Zara is a world famous Retail Chain based in Spain and is extremely successful in their supply chain.

Questions:

1. What is Zara’s Business Model and its unique Supply Chain strategy?

Zara’s business model can be broken down into three basic components: concept, capabilities, and value drivers.

Concept is to maintain design, production, and distribution processes that will enable Zara to respond quickly to shifts in consumer demands.

Capabilities: Zara maintains tight control over their production processes keeping design and manufacturing in-house. Zara maintains the flexibility necessary to design and produce over 12000 new items annually.

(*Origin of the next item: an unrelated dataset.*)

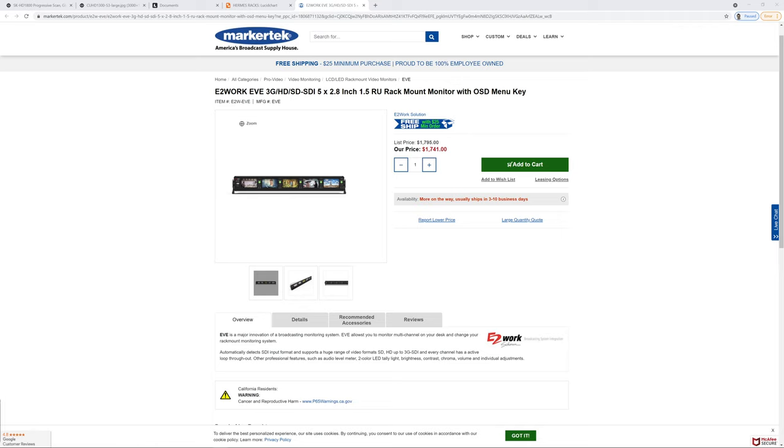There was another similar unit I found — also 5 monitors with HD-SDI inputs, but it was 1.5RU. Something about it seemed a little clunky, and at that point the screens are already getting so small that you'd be squinting really hard to see those PIX output menus. So I decided not to do that either.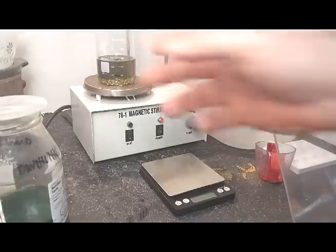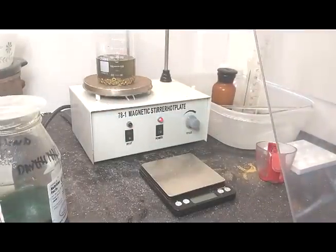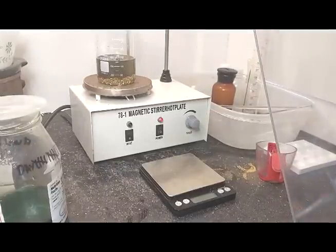We have to wait and see if in a few hours, or God forbid a few days, we come back and see gold foils floating in the solution. And that's about it.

Value drivers for Zara are both tangible and intangible in the benefits that are returned to all stakeholders.

The successful implementation of Zara’s business model provides great value to stakeholders and differentiates their business from their peers.

Three goals for operations: develop a system that requires short lead times, decrease quantities produced to decrease inventory risk, and increase the number of available styles and/or choice.

Others:
Zara has developed a business model based on short deadlines, decrease quantities and a great choice of style and clothes. The infrastructure: Zara only works with stores. They don’t make merchandising in internet. The company succeeds to make moderate prices with a large choice of new clothes every time. The success of ZARA is based on two principals: follow the trend to be able to sell garments at a moment where people want this kind of style, without using any advertisements as the concurrence does. They don’t want to convince people to buy their clothes but give the public what they desire at the moment. Secondly, the trust that had been given to employees allowed the company to delegate. They decide what clothes should be in stores, the designed the garments by pairs for a specific collection. Their role is to create clothes not to be sold for a long time but only for a short period in appropriateness with the current trend. The goal: of the firm is to convince the consumer to buy their clothes. Their bid: they propose and deliver all fashion style at the moment and they don’t want to make marketing for old or past fashion collections. The design and the organization of the stores are changed every four years behind the indications and orders of La Coruna in order to be creative and innovative all the time.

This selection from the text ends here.